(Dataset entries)
☆ ☆ ☆ ☆ ☆ ☆ ☆

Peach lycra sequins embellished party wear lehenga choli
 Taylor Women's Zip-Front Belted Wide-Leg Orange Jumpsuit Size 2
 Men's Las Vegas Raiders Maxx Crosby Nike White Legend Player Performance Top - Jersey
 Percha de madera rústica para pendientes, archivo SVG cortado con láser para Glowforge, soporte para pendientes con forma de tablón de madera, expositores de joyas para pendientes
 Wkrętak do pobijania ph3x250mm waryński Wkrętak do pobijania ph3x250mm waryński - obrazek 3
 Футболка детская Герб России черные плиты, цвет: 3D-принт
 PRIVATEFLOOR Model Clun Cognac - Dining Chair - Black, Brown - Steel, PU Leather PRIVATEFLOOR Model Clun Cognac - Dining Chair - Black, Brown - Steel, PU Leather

☆ ☆ ☆ ☆ ☆ ☆ ☆

◆ Directions
Print out each record above exactly, with nothing omitted.

◆ Result for this task
Peach lycra sequins embellished party wear lehenga choli
 Taylor Women's Zip-Front Belted Wide-Leg Orange Jumpsuit Size 2
 Men's Las Vegas Raiders Maxx Crosby Nike White Legend Player Performance Top - Jersey
 Percha de madera rústica para pendientes, archivo SVG cortado con láser para Glowforge, soporte para pendientes con forma de tablón de madera, expositores de joyas para pendientes
 Wkrętak do pobijania ph3x250mm waryński Wkrętak do pobijania ph3x250mm waryński - obrazek 3
 Футболка детская Герб России черные плиты, цвет: 3D-принт
 PRIVATEFLOOR Model Clun Cognac - Dining Chair - Black, Brown - Steel, PU Leather PRIVATEFLOOR Model Clun Cognac - Dining Chair - Black, Brown - Steel, PU Leather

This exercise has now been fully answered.